Robert's Rules of Order Newly Revised (RONR) 
Under Robert's Rules of Order Newly Revised (the book used by most organizations in the United States), when a motion for the previous question is made (whether formally or in a nonstandard form such as "calling the question", "close debate", or "calling for a vote"), a two-thirds vote (or unanimous consent) is required to end debate. A single member cannot force the end of debate. Also, interrupting someone by yelling out "Question!" or "Call the question!" is not appropriate (it has to be made by obtaining the floor like other motions).

This motion is not debatable because having debate on such a motion would defeat its purpose.

In ordinary societies, the rationale for a two-thirds vote to end debate and move to a vote on the pending question is to protect the rights of the minority (and it may protect the rights of the majority if only one person was improperly allowed to stop debate).

Mason's Manual of Legislative Procedure 
Most state legislatures in the United States use Mason's Manual of Legislative Procedure. This book also provides for the motion of the previous question.

The Standard Code of Parliamentary Procedure 
The Standard Code of Parliamentary Procedure does not have the "previous question". Instead this book has the motion to "close debate", the motion to "vote immediately", or the motion to "close debate and vote immediately". Regardless of the terminology, a two-thirds vote is required to end debate.

Use in the United States Congress 

In the United States House, most major legislation comes to the floor under a special rule approved by the Rules Committee, and then the House, which defines the terms and limits of debate for that resolution. After debate has begun, the previous question may be used to end debate (which requires only a simple majority of voting Members to pass).
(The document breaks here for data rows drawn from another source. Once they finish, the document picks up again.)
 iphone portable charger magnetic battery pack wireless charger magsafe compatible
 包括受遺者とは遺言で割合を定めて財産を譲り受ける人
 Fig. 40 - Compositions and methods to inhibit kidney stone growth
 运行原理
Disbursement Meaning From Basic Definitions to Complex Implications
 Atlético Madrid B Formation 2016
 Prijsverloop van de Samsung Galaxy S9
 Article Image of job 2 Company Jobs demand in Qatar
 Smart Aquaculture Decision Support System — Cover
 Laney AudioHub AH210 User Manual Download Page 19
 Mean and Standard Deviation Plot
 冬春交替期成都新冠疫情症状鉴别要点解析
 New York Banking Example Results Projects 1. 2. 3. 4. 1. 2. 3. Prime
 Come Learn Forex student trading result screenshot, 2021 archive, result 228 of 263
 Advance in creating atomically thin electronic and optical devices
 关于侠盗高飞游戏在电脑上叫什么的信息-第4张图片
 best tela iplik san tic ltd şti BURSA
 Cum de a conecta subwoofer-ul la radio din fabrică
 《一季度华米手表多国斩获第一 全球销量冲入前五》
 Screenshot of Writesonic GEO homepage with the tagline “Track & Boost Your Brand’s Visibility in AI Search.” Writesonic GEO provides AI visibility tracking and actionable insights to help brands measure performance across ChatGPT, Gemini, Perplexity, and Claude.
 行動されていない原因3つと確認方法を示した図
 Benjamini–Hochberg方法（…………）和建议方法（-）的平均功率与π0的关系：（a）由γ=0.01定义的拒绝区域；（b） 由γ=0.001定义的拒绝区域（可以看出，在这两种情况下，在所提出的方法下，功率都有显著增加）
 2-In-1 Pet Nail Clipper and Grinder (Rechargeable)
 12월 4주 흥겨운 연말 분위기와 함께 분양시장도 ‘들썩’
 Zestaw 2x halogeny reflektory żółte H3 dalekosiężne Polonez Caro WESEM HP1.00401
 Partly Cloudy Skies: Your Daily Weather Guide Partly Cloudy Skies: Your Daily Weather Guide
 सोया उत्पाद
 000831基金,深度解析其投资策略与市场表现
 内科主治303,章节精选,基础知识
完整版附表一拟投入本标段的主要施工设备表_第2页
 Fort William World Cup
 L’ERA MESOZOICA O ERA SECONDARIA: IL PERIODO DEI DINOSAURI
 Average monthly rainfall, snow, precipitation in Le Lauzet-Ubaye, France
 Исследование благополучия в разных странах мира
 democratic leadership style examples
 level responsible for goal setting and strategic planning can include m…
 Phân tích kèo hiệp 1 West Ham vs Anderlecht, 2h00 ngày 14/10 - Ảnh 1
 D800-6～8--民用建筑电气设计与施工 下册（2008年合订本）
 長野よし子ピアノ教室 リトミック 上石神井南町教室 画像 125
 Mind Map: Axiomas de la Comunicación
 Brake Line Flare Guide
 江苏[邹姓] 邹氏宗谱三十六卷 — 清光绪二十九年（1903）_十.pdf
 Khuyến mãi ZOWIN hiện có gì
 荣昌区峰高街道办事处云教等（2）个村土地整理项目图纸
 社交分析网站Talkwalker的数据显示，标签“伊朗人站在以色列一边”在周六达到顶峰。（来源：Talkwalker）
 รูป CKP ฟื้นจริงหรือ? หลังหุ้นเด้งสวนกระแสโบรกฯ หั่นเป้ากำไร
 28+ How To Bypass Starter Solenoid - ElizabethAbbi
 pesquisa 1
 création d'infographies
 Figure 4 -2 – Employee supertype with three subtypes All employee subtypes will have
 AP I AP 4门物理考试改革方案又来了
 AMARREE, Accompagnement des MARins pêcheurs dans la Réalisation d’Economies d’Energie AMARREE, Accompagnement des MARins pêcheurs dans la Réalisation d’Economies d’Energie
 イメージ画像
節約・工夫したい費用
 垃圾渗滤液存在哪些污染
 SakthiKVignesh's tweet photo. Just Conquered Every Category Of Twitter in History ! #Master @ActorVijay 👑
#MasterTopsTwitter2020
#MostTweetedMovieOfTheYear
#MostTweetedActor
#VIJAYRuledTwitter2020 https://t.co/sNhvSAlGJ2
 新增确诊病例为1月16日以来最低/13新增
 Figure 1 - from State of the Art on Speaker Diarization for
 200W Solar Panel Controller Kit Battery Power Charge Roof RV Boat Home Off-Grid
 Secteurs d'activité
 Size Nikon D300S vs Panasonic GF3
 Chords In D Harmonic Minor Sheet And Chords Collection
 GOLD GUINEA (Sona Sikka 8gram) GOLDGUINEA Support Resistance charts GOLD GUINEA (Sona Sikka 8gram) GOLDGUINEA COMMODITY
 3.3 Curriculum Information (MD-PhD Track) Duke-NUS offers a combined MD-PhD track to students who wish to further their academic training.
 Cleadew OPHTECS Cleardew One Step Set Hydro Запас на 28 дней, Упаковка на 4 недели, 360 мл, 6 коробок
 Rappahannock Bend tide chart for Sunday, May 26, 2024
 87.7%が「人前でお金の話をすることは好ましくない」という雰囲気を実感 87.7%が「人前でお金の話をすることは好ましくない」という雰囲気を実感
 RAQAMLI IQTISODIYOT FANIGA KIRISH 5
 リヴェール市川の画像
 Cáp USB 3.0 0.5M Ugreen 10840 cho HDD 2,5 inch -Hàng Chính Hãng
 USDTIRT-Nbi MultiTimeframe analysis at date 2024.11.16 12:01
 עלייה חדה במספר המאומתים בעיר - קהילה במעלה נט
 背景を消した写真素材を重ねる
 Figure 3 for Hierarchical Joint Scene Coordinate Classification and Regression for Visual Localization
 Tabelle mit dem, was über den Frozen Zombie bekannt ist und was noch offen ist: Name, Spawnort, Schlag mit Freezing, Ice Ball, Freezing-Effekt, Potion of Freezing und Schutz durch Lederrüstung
Instead of a motion for the previous question, the United States Senate uses a motion to limit debate, called cloture. This requires three-fifths of the total number of Senators.  It does not immediately end debate on the pending question, but rather imposes strict limitations on debate.

Use in other parliaments 

In the House of Commons of the United Kingdom, the use of the previous question is the same as was originally developed (by suppressing the question instead of closing debate), although its use in this regard is very rare. The Chair responds to a motion for the previous question with "The question is, That the Question be not now put." The Select Committee on the Modernisation of the House of Commons criticized this procedure as "totally incomprehensible", and proposed in its place a simplified motion to "proceed to the next business". Instead of the previous question, a closure motion is used to end debate.

The Australian Senate has the "previous question" in its original form from the British Parliament (by suppressing the question instead of closing debate) and is also very rarely used by this body. Instead, the "closure" motion is used to end debate in both the Senate and the House of Representatives. Closure is also used in groups outside parliament in Australia.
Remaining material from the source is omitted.